Well, of course, training and practice is necessary to effectively defend yourself. But government oversight of that training is not. It is yet another control point, where people deemed unworthy can be denied.

Nobody may be denied the right to defend themselves, as best they are able. But then, I trust people to act in their own best interests, and to follow Jeff Cooper’s Rules of Gun Safety, always, because they were taught them at their father’s knee, and they couldn’t dream of doing otherwise. And I don’t believe in prior restraint. Ever. No victim. No crime.

I was feeling playful when I added the “Taxation is theft” sign-off. It isn’t actually. It’s much worse. It’s extortion. No matter how noble the use of the extorted money.

If I called you on the phone, described your child’s school and what they were wearing yesterday, and demanded that you send me $1,000 within one week, or I would hurt your child, would it matter that I intended to give the money to charity?

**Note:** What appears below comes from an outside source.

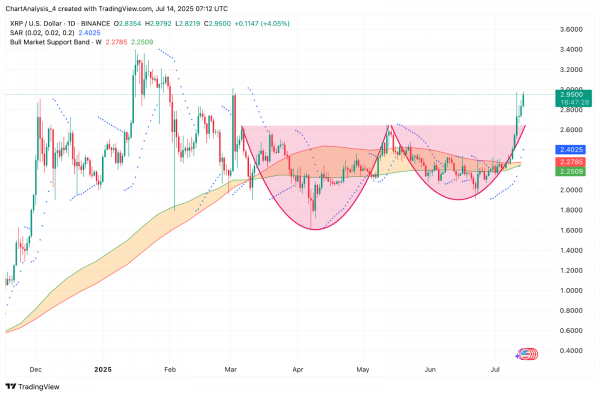 Прогноз цены XRP (XRP) на 15 июля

Of course not. It would still be extortion. If I were also the elected president of the 1,000-member “Extortion for Charity” gang, would that make it non-criminal? Of course not. We would all cheer when their next meeting was raided and their members walked out in chains.

So what makes it different when it’s a bigger gang doing the extorting? I contend that the only difference is that we’ve been taught to respect the state’s forcefully imposed authority, even though we would consider forcefully imposed authority by anybody else to be criminal.

I was taught that way, too, but I shrugged off that training. Taxation is extortion. Central bank fiat currency is counterfeiting. Those are just facts.

Where there is room for disagreement is in the opinion that a state is necessary, and that since the state needs money to run, it must have some way of getting it, hence taxation, and counterfeiting. Most people believe that. I contend that they believe it not because it’s necessarily true, or because they’ve even ever thought about it, but because the state has a huge, mandatory brain-washing regimen, the public schools, that conditions people to believe it at a very young age.

So, yes, I drive on the roads, and my son went to the government school for three years, since we couldn’t afford a private school for him for grades six through eight (though if it weren’t for taxes, we could have). But I would much rather pay directly for roads, as I use them, and for private schools, and have voluntary charity organizations help pay for private schools for people who couldn’t afford them. No government required.

Of course there’s another benefit of no taxes or prior-restraint-imposing regulations. Everybody would be hugely richer. We’d all have hugely more time to pursue our dreams. Somebody might even use that wealth to invent a working Jetsons skycar. Jetsons skycars don’ need no steenking roads.